▸ WORK TASK
Give the entries below again, word for word, and leave out the images.

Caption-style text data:
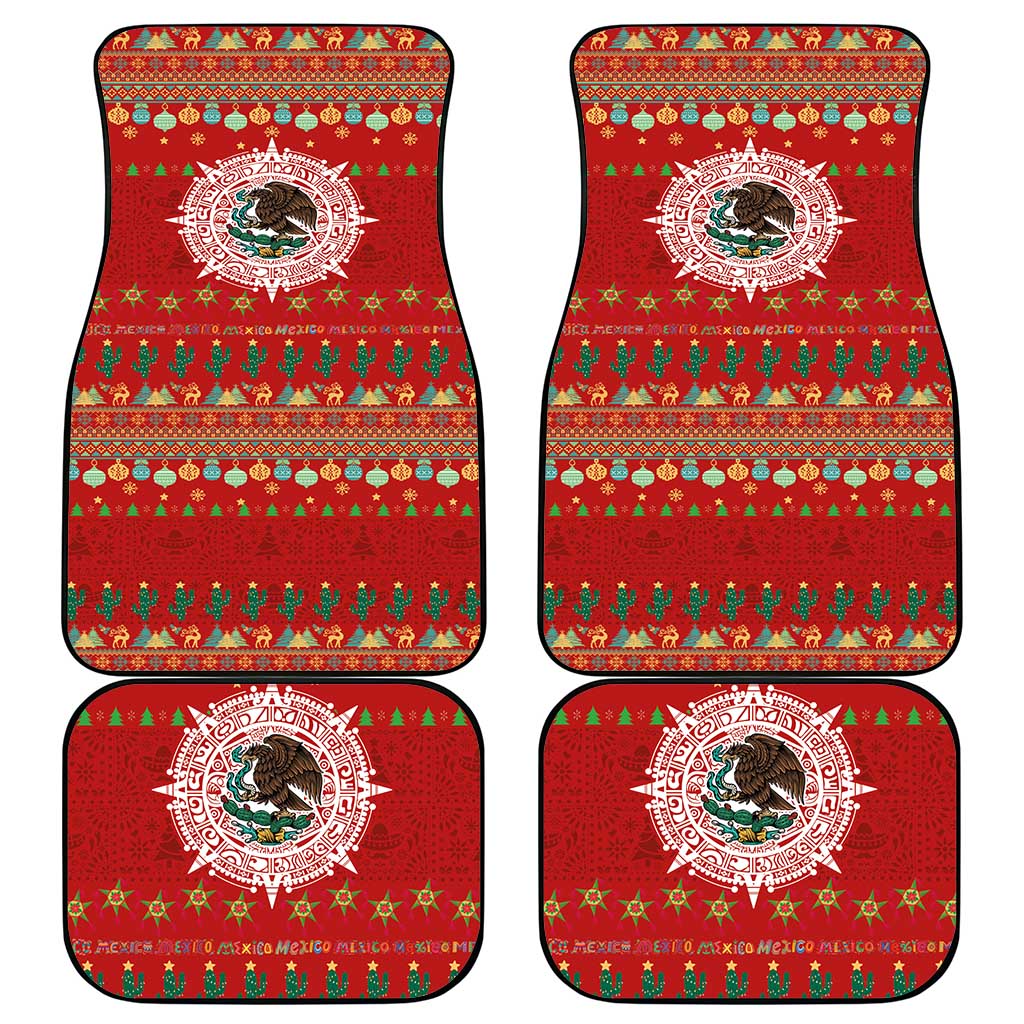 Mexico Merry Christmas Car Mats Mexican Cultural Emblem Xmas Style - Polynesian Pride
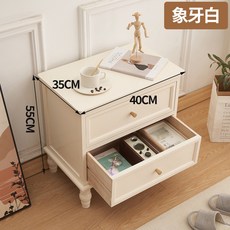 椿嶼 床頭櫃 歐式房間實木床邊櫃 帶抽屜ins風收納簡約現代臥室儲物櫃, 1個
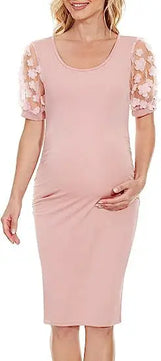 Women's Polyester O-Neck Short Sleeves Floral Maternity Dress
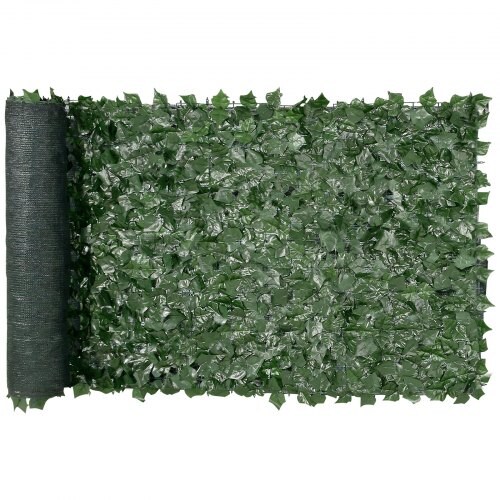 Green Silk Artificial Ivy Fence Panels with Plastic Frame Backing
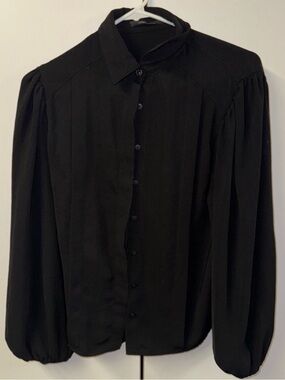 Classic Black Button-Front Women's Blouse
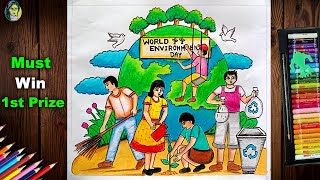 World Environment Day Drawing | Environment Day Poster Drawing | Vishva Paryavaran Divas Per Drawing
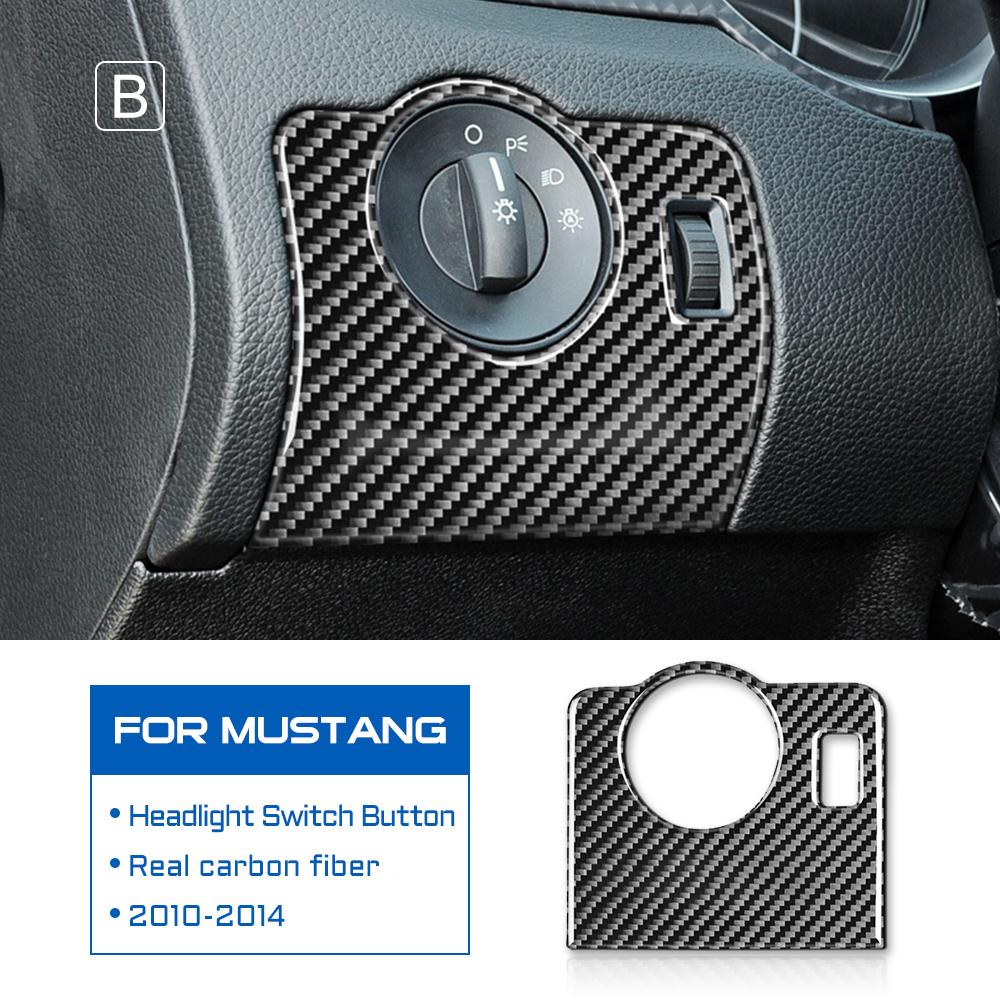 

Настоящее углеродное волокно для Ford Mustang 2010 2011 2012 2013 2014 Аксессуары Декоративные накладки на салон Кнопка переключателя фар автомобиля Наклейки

▸ PROBLEM SOLUTION
 Mexico Merry Christmas Car Mats Mexican Cultural Emblem Xmas Style - Polynesian Pride
 椿嶼 床頭櫃 歐式房間實木床邊櫃 帶抽屜ins風收納簡約現代臥室儲物櫃, 1個
 Women's Polyester O-Neck Short Sleeves Floral Maternity Dress
 Green Silk Artificial Ivy Fence Panels with Plastic Frame Backing
 Classic Black Button-Front Women's Blouse
 World Environment Day Drawing | Environment Day Poster Drawing | Vishva Paryavaran Divas Per Drawing

Настоящее углеродное волокно для Ford Mustang 2010 2011 2012 2013 2014 Аксессуары Декоративные накладки на салон Кнопка переключателя фар автомобиля Наклейки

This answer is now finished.